CookingMamama Fri 19-May-17 23:06:28

If I contact social services for advice/guidance will that go on their records? I really dont want that on their systems for school etc.

AyeAmarok Fri 19-May-17 23:07:24

I don't think you could let him have unsupervised contact OP.

I am so sorry, and I'm not trying to scare you, but just in case he goes down the family annihilation route sad Absolutely not worth the risk.

Pallisers Fri 19-May-17 23:09:55

If he told you he was suicidal then you cannot leave your children with him unsupervised. Doesn't matter if you think he wasn't genuine. What if he was? And what if your children were with him at the time.

I would contact social services and get some help with this.

jouu Sat 20-May-17 04:57:46

Why would you not want this recorded by SS? Your children are going through something significant. School will need to know about this so that they can support them.

Please do the right things for the DC and contact SS for advice and to ensure they are aware.

mummytime Sat 20-May-17 05:02:14

What you share with SS will not necessarily be shared with school unless they deem it relevant.

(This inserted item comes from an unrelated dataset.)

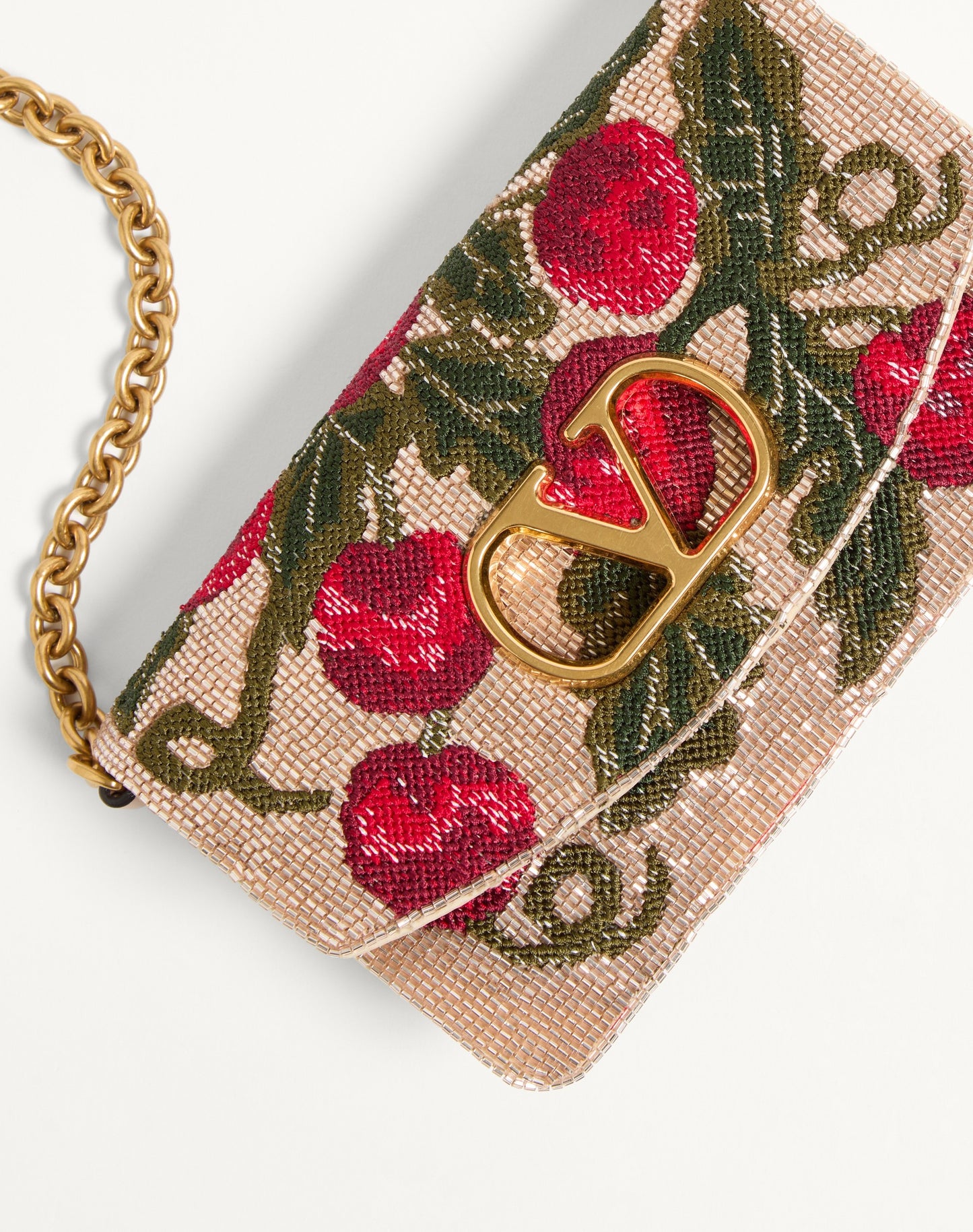 Valentino Garavani Vain Embroidered Shoulder Clutch With Cherryfic Pattern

And what the school knows will be filtered and only key people with have access to that information.

But if their father is emotionally trying to manipulate them, then it can be useful for school to know so they can understand any comments DC make.

Yoshimistill Sat 20-May-17 06:02:23

OP can you buy yourself time this weekend? Is there a way to cancel contact today? Can you tell him DC are sick, come up with a last minute plan you'd forgotten. Then you have a bit of time to think about what you should do.

If you can't cancel then definitely stay with the children.

I let stbxh take DC when I was worried because I couldn't stand up to him. They were fine but the worry was horrendous and in hindsight I put my children at risk.

Fishface77 Sat 20-May-17 06:28:13

Next time he threatens suicide call the police.
It needs to be logged and I would certainly get ss involved if it involved the safety of my kids!

43percentburnt Sat 20-May-17 06:28:40

Next time he threatens suicide call emergency services. The police will turn up. If he is genuinely in a bad way they will help, if he's emotionally abusing you he will get a bollocking. More importantly he will realise you won't be manipulated. Do not tell him that this is what you will do next time.

I would want a contact centre used. I'd be worried his parents left him alone with the children, as they will just see their son as a good man.

Keep the texts. Screen shot them too.

I would see a solicitor Monday and not let the children see him today.

43percentburnt Sat 20-May-17 06:30:56

His parents have gone away the day after their son threatens to jump off a bridge.

No way would I allow his parents to supervise.

His has downplayed what he has said to you.

NewIdeasToday Sat 20-May-17 07:44:14

What a horrible situation for you OP. I agree with all the other comments here - your children are too precious to be left alone with your Ex at the moment. Hope you find a way through this today.